WORK ITEM: I would like the lines below, from the one with "Personalized Brown Leatherette" through the one with "Black Fit And Flare Mini Dress", copied exactly and without any pictures.
*** Opening EXTRACTED MATERIAL ***
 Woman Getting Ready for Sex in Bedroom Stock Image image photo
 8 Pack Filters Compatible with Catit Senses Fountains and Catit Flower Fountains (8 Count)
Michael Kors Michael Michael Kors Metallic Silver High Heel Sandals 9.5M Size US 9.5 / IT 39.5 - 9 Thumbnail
*** Closing EXTRACTED MATERIAL ***
*** Opening EXTRACTED MATERIAL ***
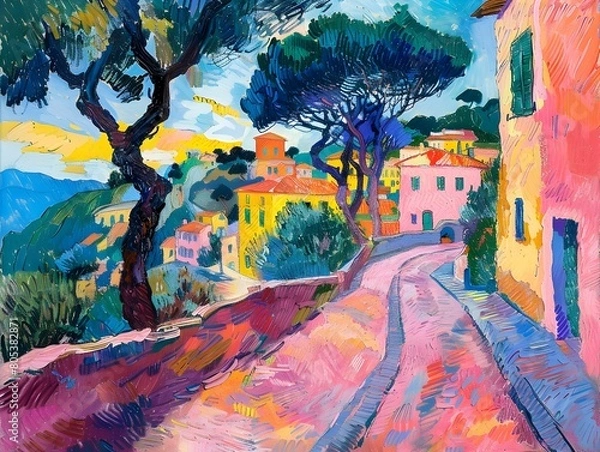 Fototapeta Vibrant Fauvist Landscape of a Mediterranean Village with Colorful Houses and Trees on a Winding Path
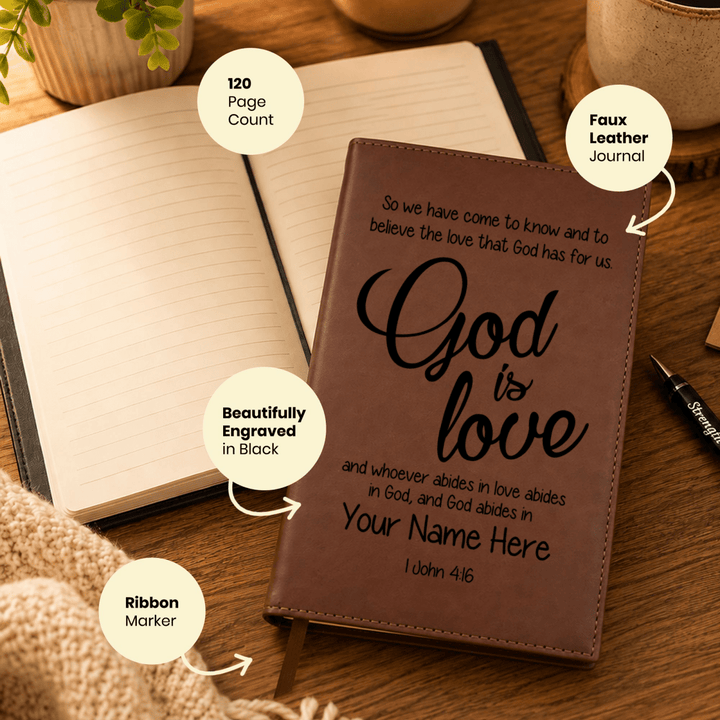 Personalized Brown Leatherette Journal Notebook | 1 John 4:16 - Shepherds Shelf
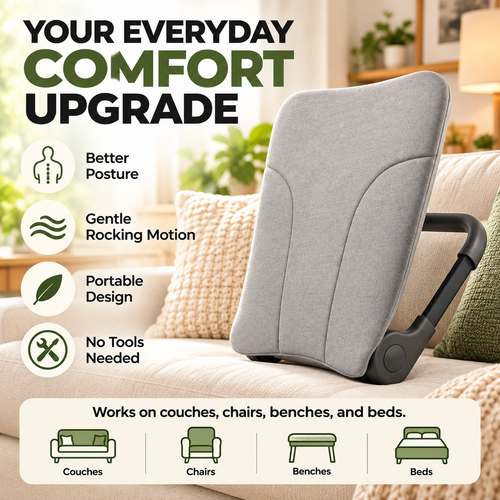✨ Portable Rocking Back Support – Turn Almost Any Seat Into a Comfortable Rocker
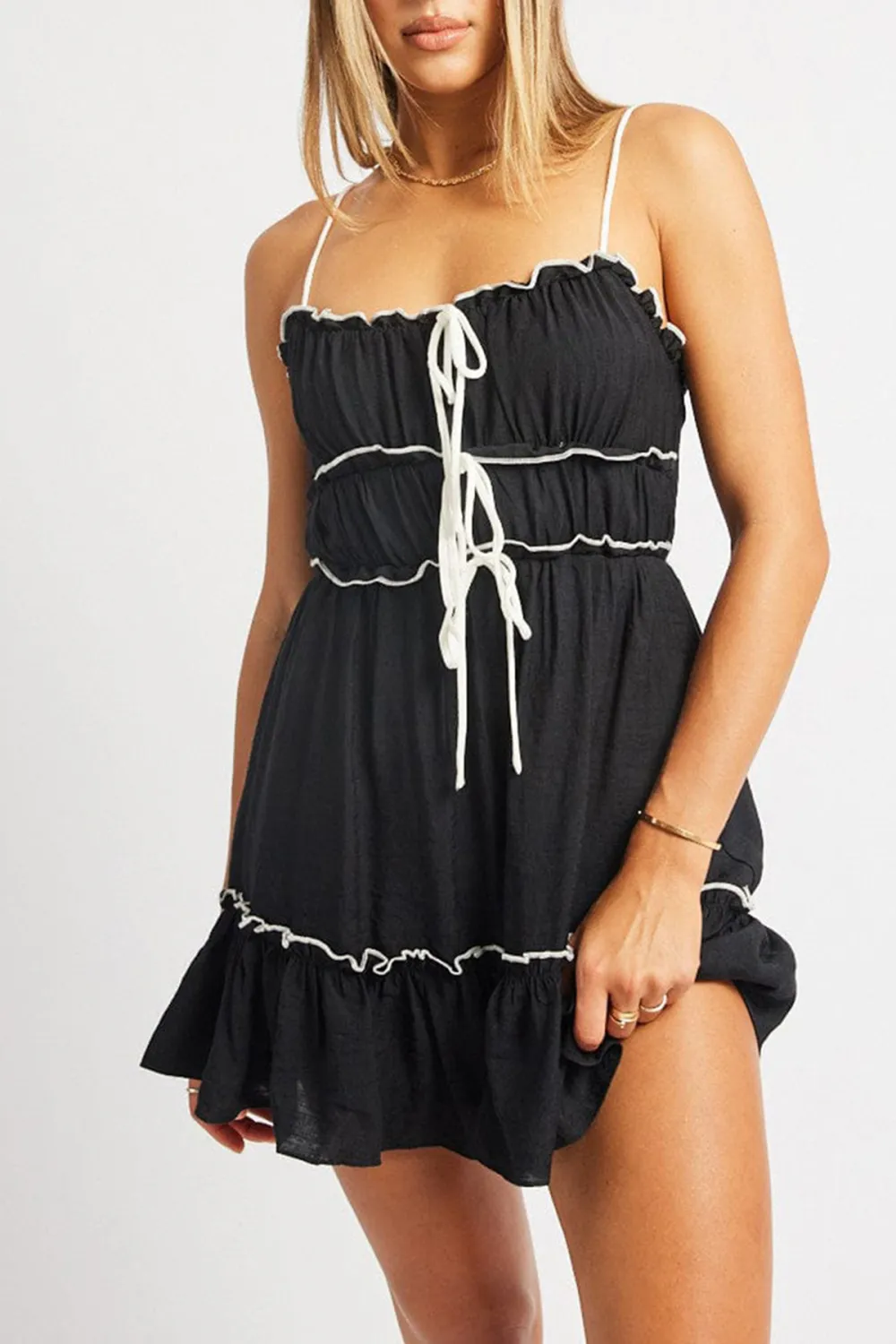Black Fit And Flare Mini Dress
*** Closing EXTRACTED MATERIAL ***
ANSWER SECTION:
 Personalized Brown Leatherette Journal Notebook | 1 John 4:16 - Shepherds Shelf
✨ Portable Rocking Back Support – Turn Almost Any Seat Into a Comfortable Rocker
Black Fit And Flare Mini Dress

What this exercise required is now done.